[Your goal]: Set down, please, exactly the lines below that run from the line with "A member of" to the line with "Black shirt dress", both lines included.

START Records for this task

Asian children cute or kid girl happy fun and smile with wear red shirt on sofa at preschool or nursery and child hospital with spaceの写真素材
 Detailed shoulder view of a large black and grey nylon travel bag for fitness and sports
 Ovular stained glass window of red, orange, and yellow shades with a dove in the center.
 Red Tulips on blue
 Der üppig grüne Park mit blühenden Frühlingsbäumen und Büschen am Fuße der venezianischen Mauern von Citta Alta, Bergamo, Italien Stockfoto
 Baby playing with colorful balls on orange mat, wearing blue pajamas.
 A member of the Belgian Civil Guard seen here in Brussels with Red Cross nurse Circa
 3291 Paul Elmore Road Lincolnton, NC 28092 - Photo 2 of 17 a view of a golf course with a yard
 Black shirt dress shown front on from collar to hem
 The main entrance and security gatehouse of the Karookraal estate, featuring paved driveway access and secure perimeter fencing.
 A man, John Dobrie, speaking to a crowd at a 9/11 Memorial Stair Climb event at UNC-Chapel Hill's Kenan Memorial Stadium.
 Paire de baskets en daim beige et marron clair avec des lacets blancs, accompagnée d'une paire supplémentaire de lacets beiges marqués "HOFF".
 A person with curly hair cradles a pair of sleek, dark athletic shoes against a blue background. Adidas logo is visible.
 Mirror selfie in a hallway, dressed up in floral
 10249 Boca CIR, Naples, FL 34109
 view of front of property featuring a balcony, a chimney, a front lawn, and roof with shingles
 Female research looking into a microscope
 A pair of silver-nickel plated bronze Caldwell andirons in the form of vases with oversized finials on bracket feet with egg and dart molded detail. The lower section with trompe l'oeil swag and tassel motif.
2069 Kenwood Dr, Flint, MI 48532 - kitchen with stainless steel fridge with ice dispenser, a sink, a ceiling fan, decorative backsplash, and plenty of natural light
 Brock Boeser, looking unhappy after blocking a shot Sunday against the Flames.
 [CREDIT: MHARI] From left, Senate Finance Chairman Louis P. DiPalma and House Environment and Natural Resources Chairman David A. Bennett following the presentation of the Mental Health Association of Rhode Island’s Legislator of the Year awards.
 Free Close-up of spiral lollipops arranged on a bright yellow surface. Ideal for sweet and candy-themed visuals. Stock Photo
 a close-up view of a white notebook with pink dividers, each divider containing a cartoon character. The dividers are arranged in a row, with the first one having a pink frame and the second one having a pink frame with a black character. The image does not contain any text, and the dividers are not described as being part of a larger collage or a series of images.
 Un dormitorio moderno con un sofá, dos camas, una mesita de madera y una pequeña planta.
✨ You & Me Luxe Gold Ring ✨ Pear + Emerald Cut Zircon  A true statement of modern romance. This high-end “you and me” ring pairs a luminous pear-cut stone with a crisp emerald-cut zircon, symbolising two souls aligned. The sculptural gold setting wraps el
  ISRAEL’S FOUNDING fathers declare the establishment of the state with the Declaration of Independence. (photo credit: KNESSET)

END Records for this task

[Task response]:
 A member of the Belgian Civil Guard seen here in Brussels with Red Cross nurse Circa
 3291 Paul Elmore Road Lincolnton, NC 28092 - Photo 2 of 17 a view of a golf course with a yard
 Black shirt dress shown front on from collar to hem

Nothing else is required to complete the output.